Por Luciana Ramos
Com o sucesso de A Morte Passou Perto, Stanley Kubrick recebeu aos seus 28 anos uma grande oportunidade. A United Artist havia decidido bancar o seu primeiro longa-metragem, com duas condições: o filme deveria ter uma estrela no elenco, posto ocupado por Sterling Hayden, e o roteiro precisaria ser pré-aprovado. Foi então escolhido e adaptado o romance policial “Clean Break”, de Lionel White. Na verdade, foi a primeira de muitas vezes em que Kubrick buscou nos livros a sua história, como aconteceu em Lolita, Laranja Mecânica e O Iluminado.
A trama é aparentemente simples: homens de moralidade duvidosa reuném-se para roubar 2 milhões de dólares durante o grande prêmio do Jockey, liderados por Johnny Clay (Sterling Hayden). No entanto, como em outros heist movies (filmes sobre roubos), as coisas não acabam bem. Como uma boa femme fatale, Sherry Peatty (Marie Windsor), a fria e ambiciosa mulher do caixa do Jockey George, intervém no plano e sela tragicamente o destino de todos os personagens (inclusive o seu).
Trata-se, essencialmente, de um filme noir. O jogo de sombras da iluminação fria e contrastada, a narração em off, os personagens que se unem por interesses, a femme fatale que arruína a vida dos outros; está tudo lá. Porém, o grande trunfo de “O Grande Golpe” está no desenrolar dos acontecimentos, que não são mostrados de maneira linear. Kubrick rejeita a montagem paralela, usada de maneira tão abundante no cinema clássico hollywoodiano, para adotar a digressão narrativa como ferramenta. Acompanhamos os diferentes pontos de vistas dos personagens, um de cada vez, como um grande quebra-cabeça em que as peças vão se encaixando para enfim explicar o fatídico final. Isso não só contribui para entendermos a motivação e participação individual de cada um no assalto como nos torna cúmplices, já que somos nós, no fim das contas, que sabemos exatamente o que aconteceu naquele dia.

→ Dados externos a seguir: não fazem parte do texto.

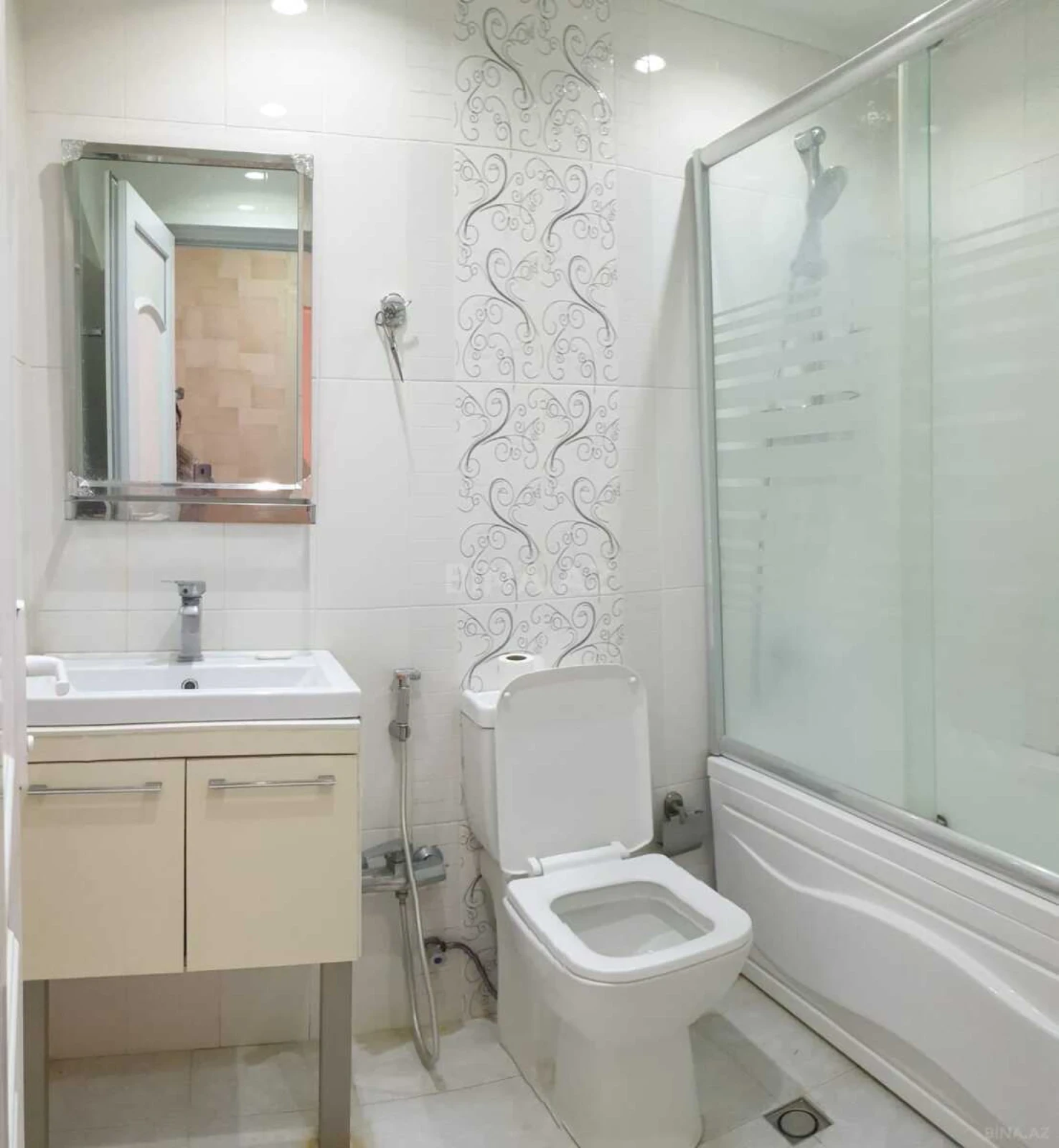 Kirayə verilir 2 otaqlı mənzil 60 m²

Devido a isso, Kubrick chegou a ser comparado pela imprensa a Orson Welles. No entanto, ainda que este recurso tenha sido introduzido por Welles mais de uma década antes em Cidadão Kane, não era comum em 1956 e ele foi persuadido pelo estúdio a remontar o filme em ordem linear. Ele o fez, voltou atrás e o filme foi lançado no seu formato original.

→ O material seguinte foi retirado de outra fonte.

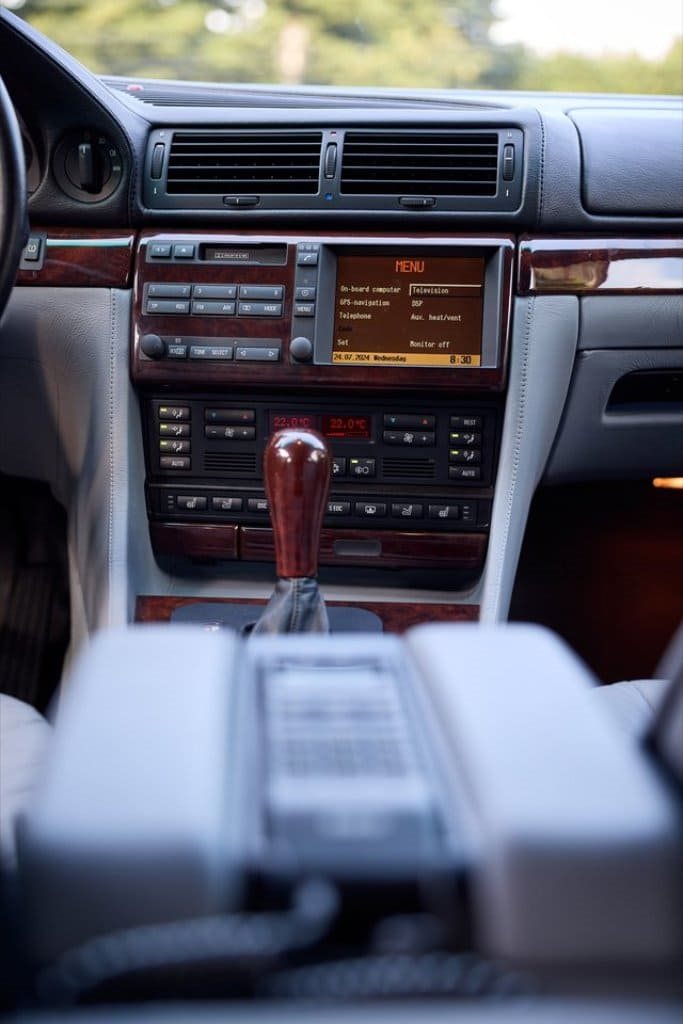 1999 - BMW 750iL, foto 145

Apesar da pouca idade, Kubrick expõe o seu amadurecimento profissional neste trabalho. Um exemplo é a sequência do assalto. As cenas internas, que mostram os papéis desempenhados por cada um dos envolvidos neste dia, foram filmadas em estúdio e mescladas com as cenas da corrida de cavalos, feitas no Hipódromo de São Francisco. A continuidade e a edição são tão bem feitas que essa mudança de ambiente torna-se imperceptível. Somado a isso, está uma câmera ágil que segue os movimentos dos personagens e a inserção da trilha sonora nos momentos certos. Todos esses fatores contribuem para a manutenção do clima de suspense.
O Grande Golpe não possui o requinte de trabalhos posteriores do diretor, como 2001-Uma Odisséia no Espaço ou Laranja Mecânica, mas trata-se de um filme muito bem construído. A inventividade narrativa, o ritmo rápido, a câmera eficiente e precisa e os diálogos bem trabalhados o tornaram atemporal, capaz de influenciar diretores contemporâneos. As similaridades narrativas mostram que Tarantino, por exemplo, o deve ter assistido antes de rodar o seu clássico cult Cães de Aluguel. Mais importante, no entanto, é a sua relevância na carreira do próprio artista, como trabalho estético embrionário de um dos mais influentes diretores de cinema.